TASK STATEMENT: Output all of the data exactly, keeping any images out of the copy.

GIVEN MATERIAL:
* * * * *

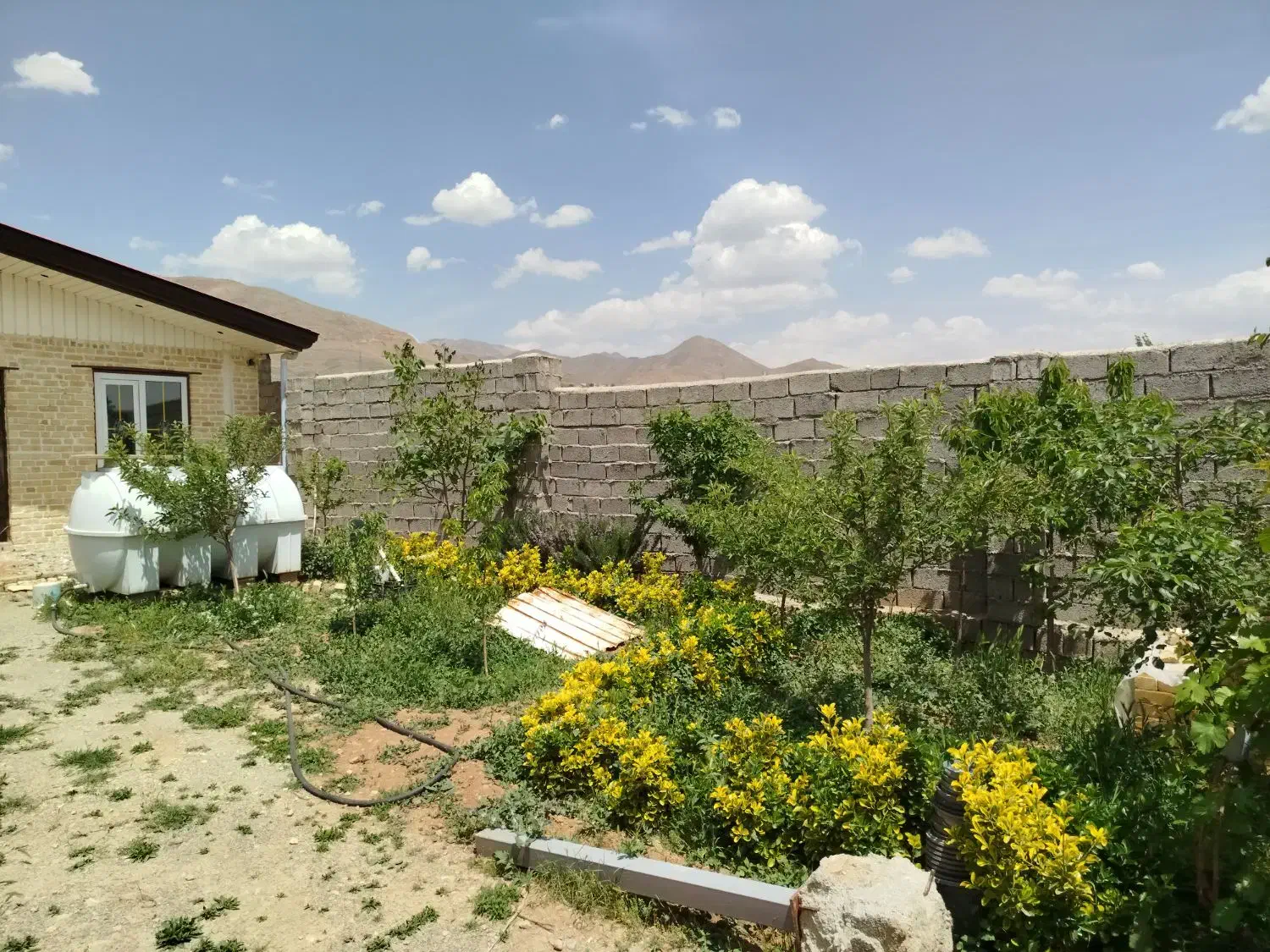 فشند باغچه نیمه کاره|فروش خانه و ویلا|هشتگرد, فشند|دیوار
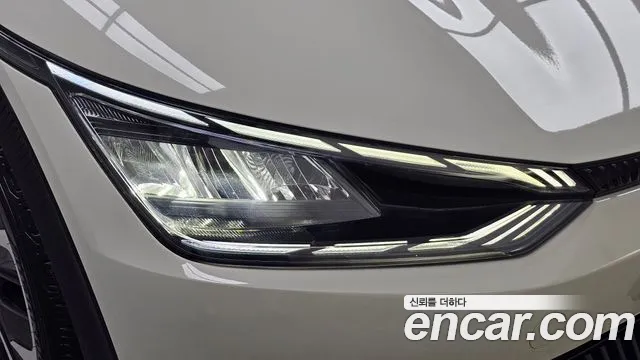 Kia EV6 2023 thumb 3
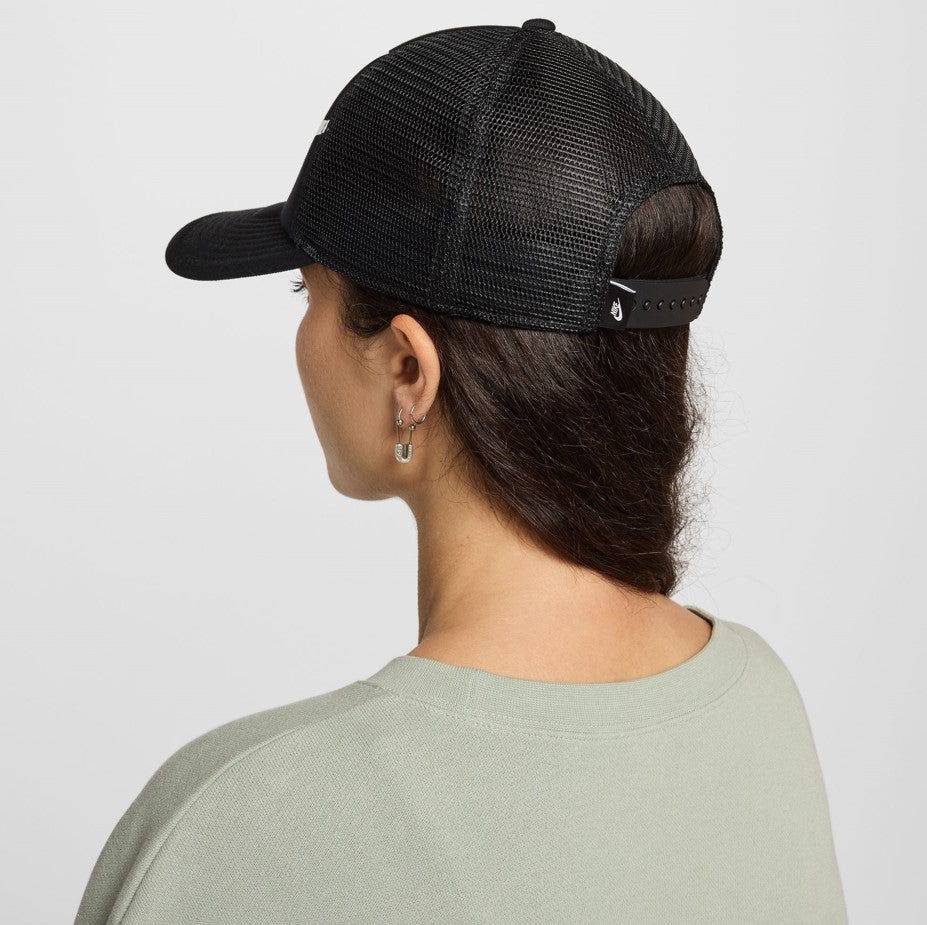 Nike Unisex Rise Structured Trucker Cap in Black/Black/Black/White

* * * * *

RESPONSE TO THE TASK:
 فشند باغچه نیمه کاره|فروش خانه و ویلا|هشتگرد, فشند|دیوار
 Kia EV6 2023 thumb 3
 Nike Unisex Rise Structured Trucker Cap in Black/Black/Black/White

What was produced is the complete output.